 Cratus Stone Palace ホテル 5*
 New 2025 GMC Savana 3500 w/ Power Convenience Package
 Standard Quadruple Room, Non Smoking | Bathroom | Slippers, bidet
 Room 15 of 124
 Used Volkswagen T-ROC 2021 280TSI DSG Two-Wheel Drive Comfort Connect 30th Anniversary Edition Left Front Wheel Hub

==

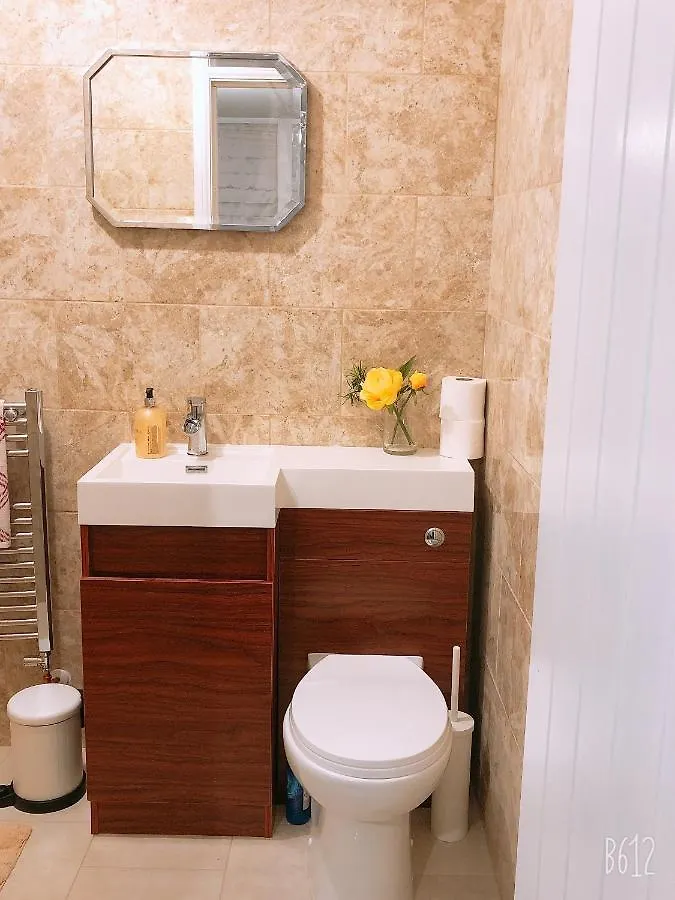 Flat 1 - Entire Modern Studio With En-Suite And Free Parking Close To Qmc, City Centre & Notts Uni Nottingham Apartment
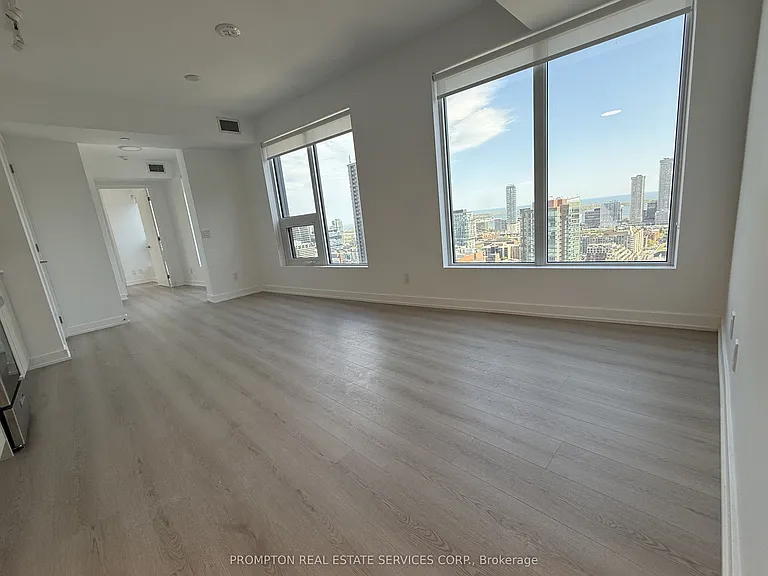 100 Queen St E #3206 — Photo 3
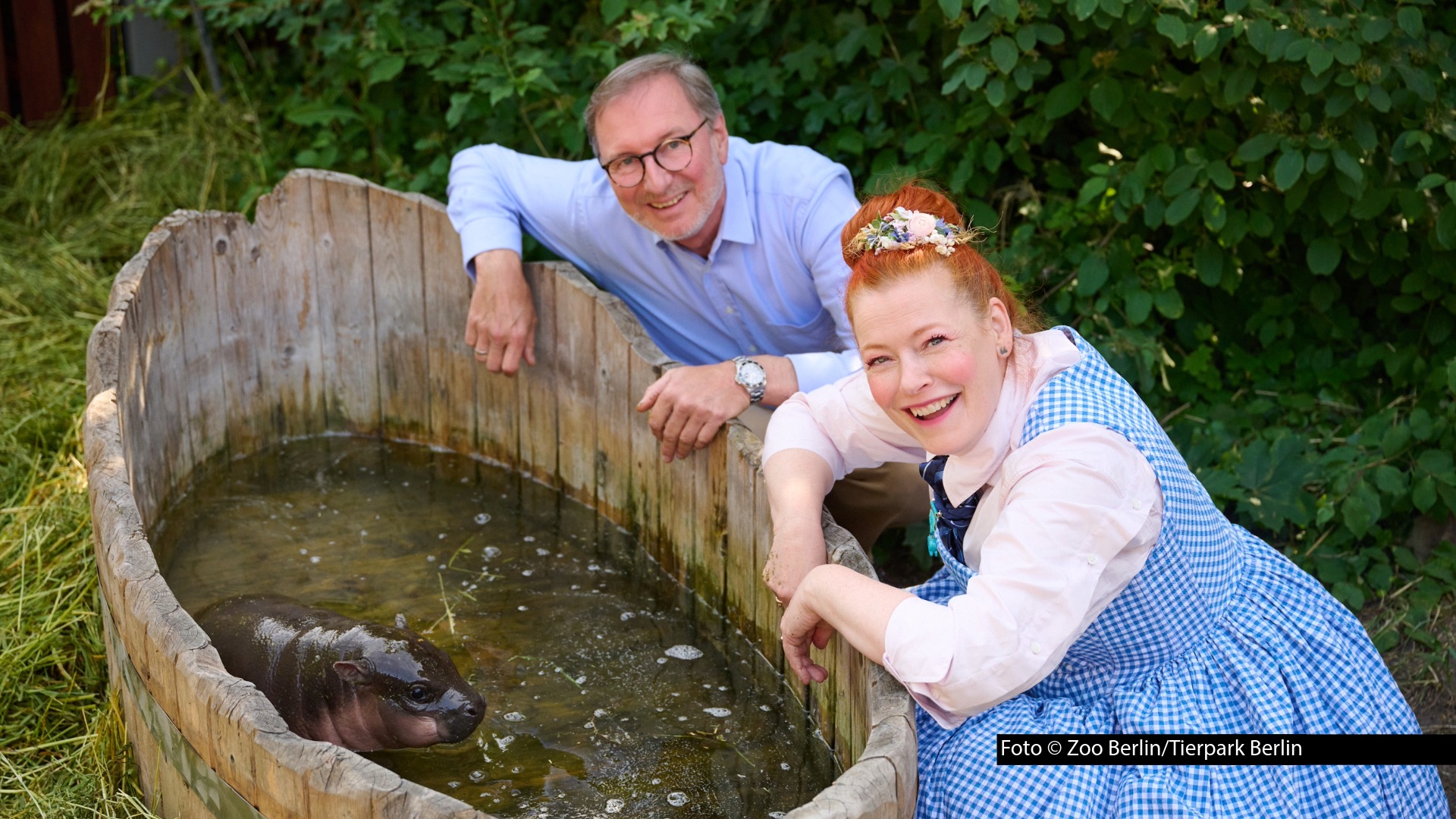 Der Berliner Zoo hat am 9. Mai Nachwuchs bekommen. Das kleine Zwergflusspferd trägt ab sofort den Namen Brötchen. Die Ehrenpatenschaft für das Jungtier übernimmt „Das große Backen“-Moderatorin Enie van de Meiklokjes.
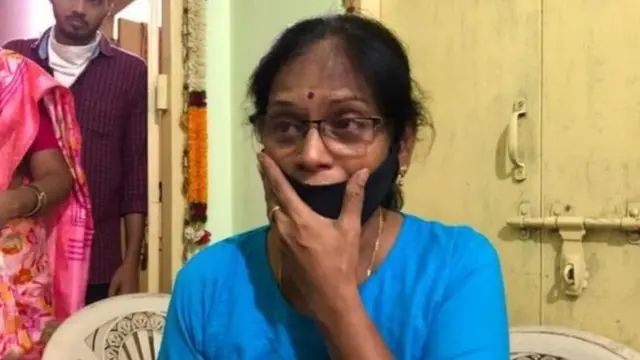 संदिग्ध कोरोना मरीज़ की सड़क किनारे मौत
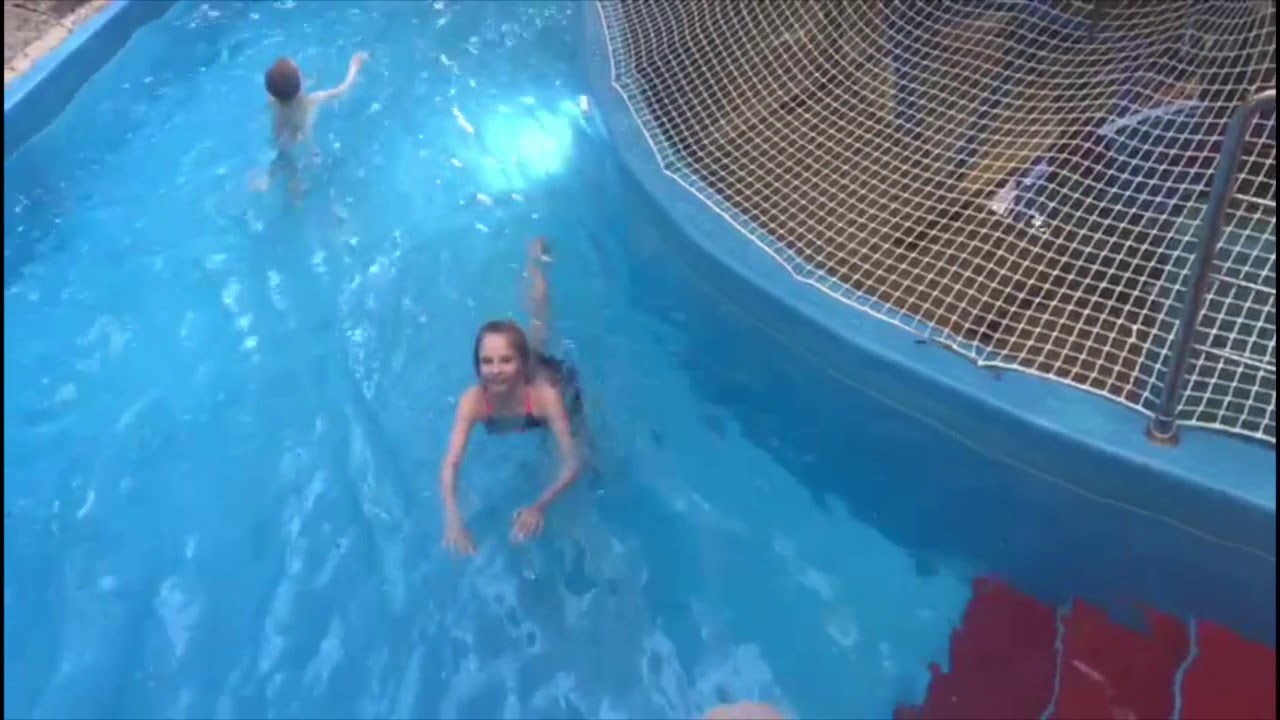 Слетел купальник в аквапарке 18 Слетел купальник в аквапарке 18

---

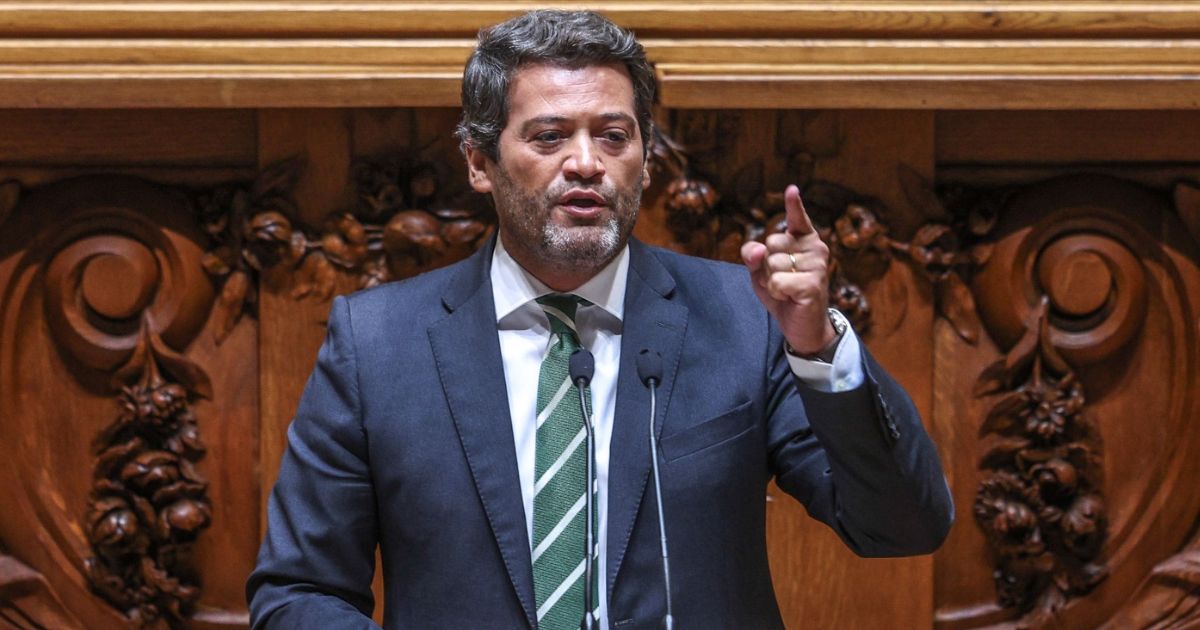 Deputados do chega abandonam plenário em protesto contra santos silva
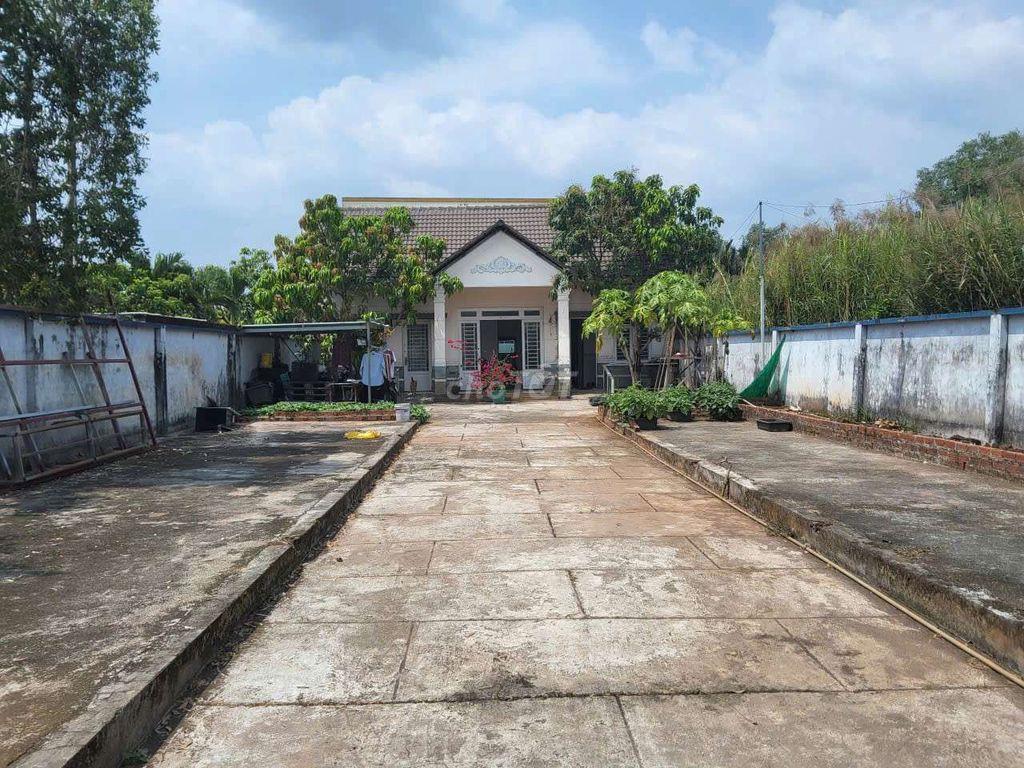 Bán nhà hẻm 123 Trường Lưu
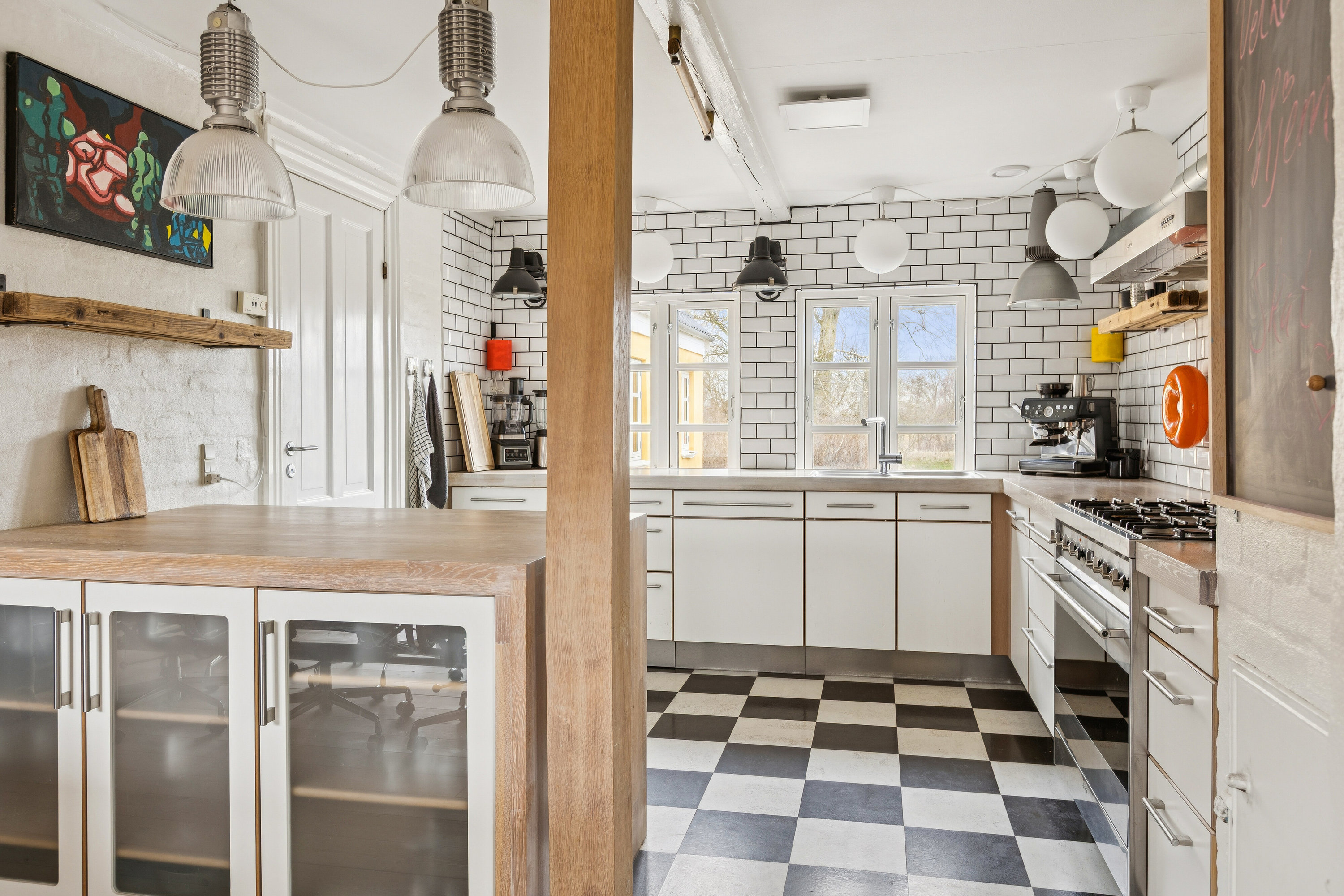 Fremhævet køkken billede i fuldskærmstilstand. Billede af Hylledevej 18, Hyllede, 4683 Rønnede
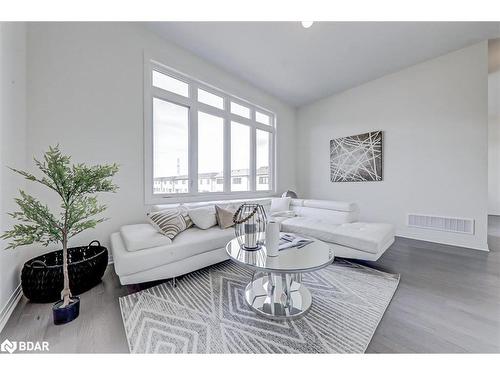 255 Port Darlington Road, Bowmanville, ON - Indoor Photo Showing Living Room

§ About this task
Both end lines included, restate word for word the lines above from the line with "Cratus Stone Palace ホテル 5*" to the line with "Used Volkswagen T-ROC", and nothing else.

§ Task response
 Cratus Stone Palace ホテル 5*
 New 2025 GMC Savana 3500 w/ Power Convenience Package
 Standard Quadruple Room, Non Smoking | Bathroom | Slippers, bidet
 Room 15 of 124
 Used Volkswagen T-ROC 2021 280TSI DSG Two-Wheel Drive Comfort Connect 30th Anniversary Edition Left Front Wheel Hub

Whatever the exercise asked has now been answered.